Optionally, in terms of acquiring data tasks to be synchronized on all task nodes, the synchronization task determining module specifically includes:

the preliminary task determining submodule is used for acquiring preliminary trigger tasks on all task contacts;

the abnormality checking submodule is used for judging whether the preliminary trigger task is in a task abnormal state or not aiming at each preliminary trigger task;

the exception notification submodule is used for sending out task exception notification when the preliminary trigger task is in a task exception state;

and the task preparation submodule is used for determining the preliminary trigger task as a to-be-processed data synchronization task when the preliminary trigger task is not in an abnormal state.

Optionally, the middleware-based data synchronization system further includes:

the scheduling and counting module is used for counting the working states of the data tasks to be synchronized in all the task nodes to obtain a task scheduling table;

and the scheduling updating module is used for updating the task scheduling table according to the task configuration updating instruction.

Optionally, the middleware-based data synchronization system further includes:

the local synchronous data acquisition module is used for acquiring local synchronous data; the local synchronous data is data obtained after the data task to be synchronized is executed;

the data before and after synchronization judging module is used for judging whether the local synchronization data is consistent with the task instance corresponding to the data task to be synchronized or not and obtaining a first result;

an end data module for outputting a synchronization error-free notification when the first result indicates yes;

and a returning module, configured to return to the step of determining the synchronization task group when the first result indicates no.

Optionally, the task configuration update instruction is determined according to the timestamp field type supported by the same data source SQLSERVER.

According to the specific embodiment provided by the invention, the invention discloses the following technical effects:

the invention provides a data synchronization method and a data synchronization system based on middleware, which aim at million-level table scale data, check data tasks to be synchronized on all task nodes, determine the number of the data tasks to be synchronized with the same corresponding task instances, and send a task configuration updating instruction to reconfigure the corresponding data tasks to be synchronized when the number of the corresponding data tasks to be synchronized exceeds a task number safety threshold value, so that the data tasks to be synchronized on some task nodes are continuously performed, and the data tasks to be synchronized on some task nodes are stopped, thereby realizing the scheduling configuration of large-scale data synchronization, providing a stable and timely data source for a data platform on the premise of minimizing the influence on the performance of a service library, and realizing the real-time synchronization of large-scale data.

Drawings

In order to more clearly illustrate the embodiments of the present invention or the technical solutions in the prior art, the drawings needed to be used in the embodiments will be briefly described below, and it is obvious that the drawings in the following description are only some embodiments of the present invention, and it is obvious for those skilled in the art to obtain other drawings without inventive exercise.

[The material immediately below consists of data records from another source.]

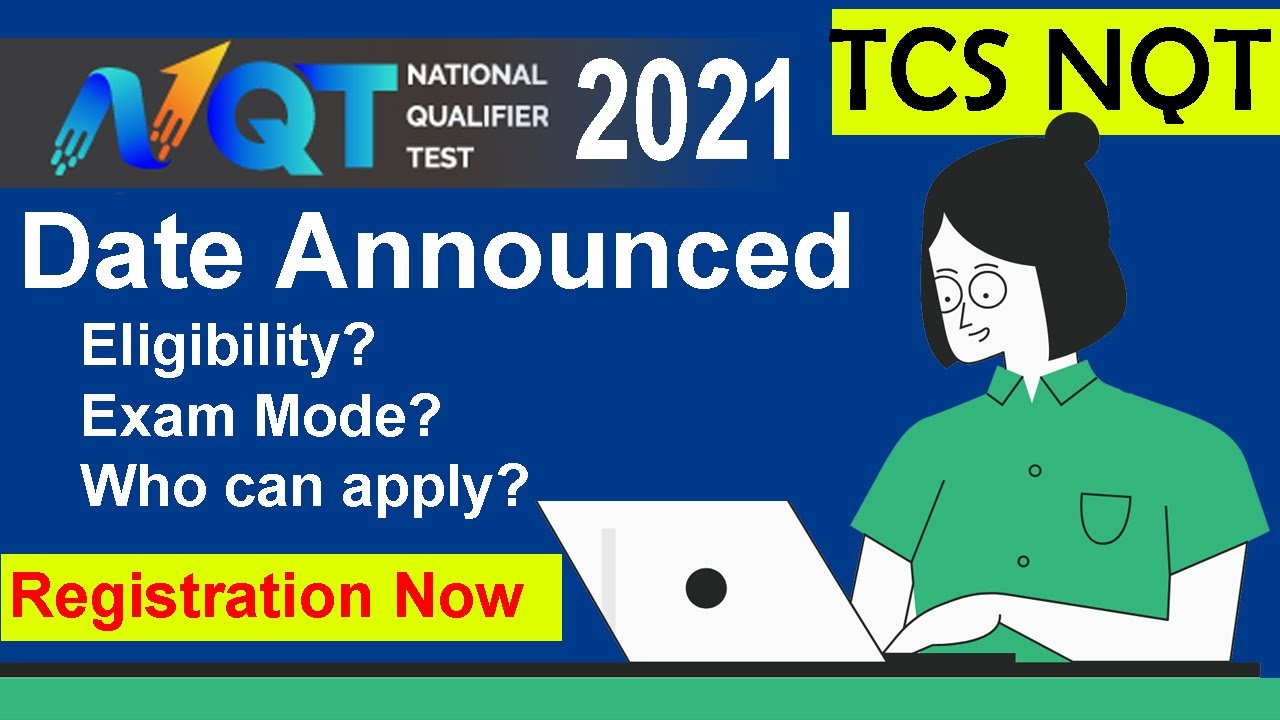 TCS NQT 2021 Date Announced | How & Who Can Apply | Registrations now open | TCS NQT 2021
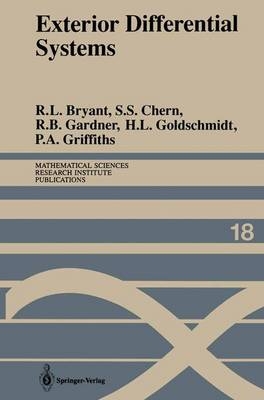 Exterior Differential Systems -  Robert L. Bryant,  S.S. Chern,  Robert B. Gardner,  Hubert L. Goldschmidt,  P.A. Griffiths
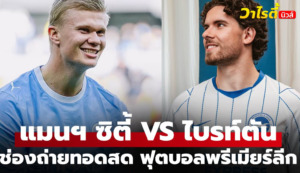 ดูบอลสด แมนฯ ซิตี้ พบ ไบรท์ตันฯ พรีเมียร์ลีก คืนนี้ 22.00 น. ถ่ายทอดสดชัด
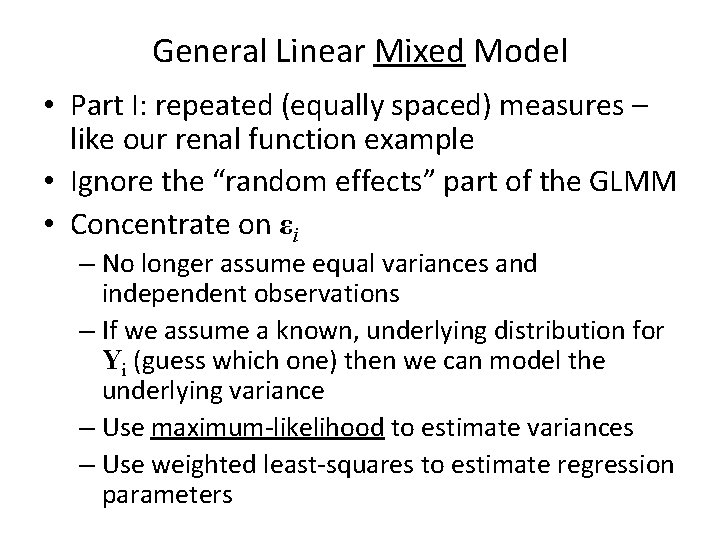 General Linear Mixed Model • Part I: repeated (equally spaced) measures – like our
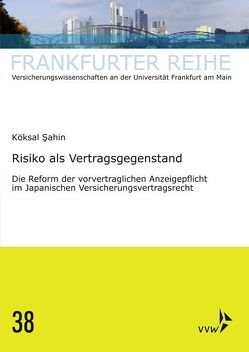 Risiko als Vertragsgegenstand von Sahin,  Köksal, Wandt,  Manfred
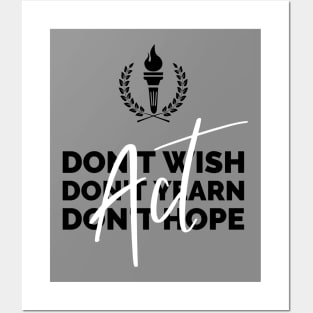 Don't Wish, Don't Yearn, Don't Hope, Act - Stoic Posters and Art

FIG. 1 is a flow chart of a middleware-based data synchronization method according to the present invention;

FIG. 2 is a schematic diagram of a middleware-based data synchronization system according to the present invention;

FIG. 3 is a swim lane diagram of a data synchronization middleware according to an embodiment of the present invention.

Detailed Description

The technical solutions in the embodiments of the present invention will be clearly and completely described below with reference to the drawings in the embodiments of the present invention, and it is obvious that the described embodiments are only a part of the embodiments of the present invention, and not all of the embodiments. All other embodiments, which can be derived by a person skilled in the art from the embodiments given herein without making any creative effort, shall fall within the protection scope of the present invention.

The present invention will be described in further detail with reference to the accompanying drawings and detailed description, in order to make the objects, features and advantages thereof more comprehensible.

CDC represents Change Data Capture, which uses an SQL SERVER agent to record insertion, update, and deletion activities applied to a table. The Dataworks represents a data factory, is a big data engine based on MaxCommute/Hologres/EMR/CDP and the like in Aliskiu, and provides a uniform whole-link big data development and treatment platform for solutions of data warehouse/data lake/lake storehouse integration and the like. The DataX is an offline data synchronization tool of an Ariiyun open source and supports data synchronization work of any data source type. The ODS represents an Operational Data layer/tile layer (Operational Data Store), which is the most primitive source of the bins.

Example one

As shown in fig. 1, the present embodiment provides a data synchronization method based on middleware, including:

step 100, acquiring data tasks to be synchronized on all task nodes, and determining a task instance corresponding to each data task to be synchronized.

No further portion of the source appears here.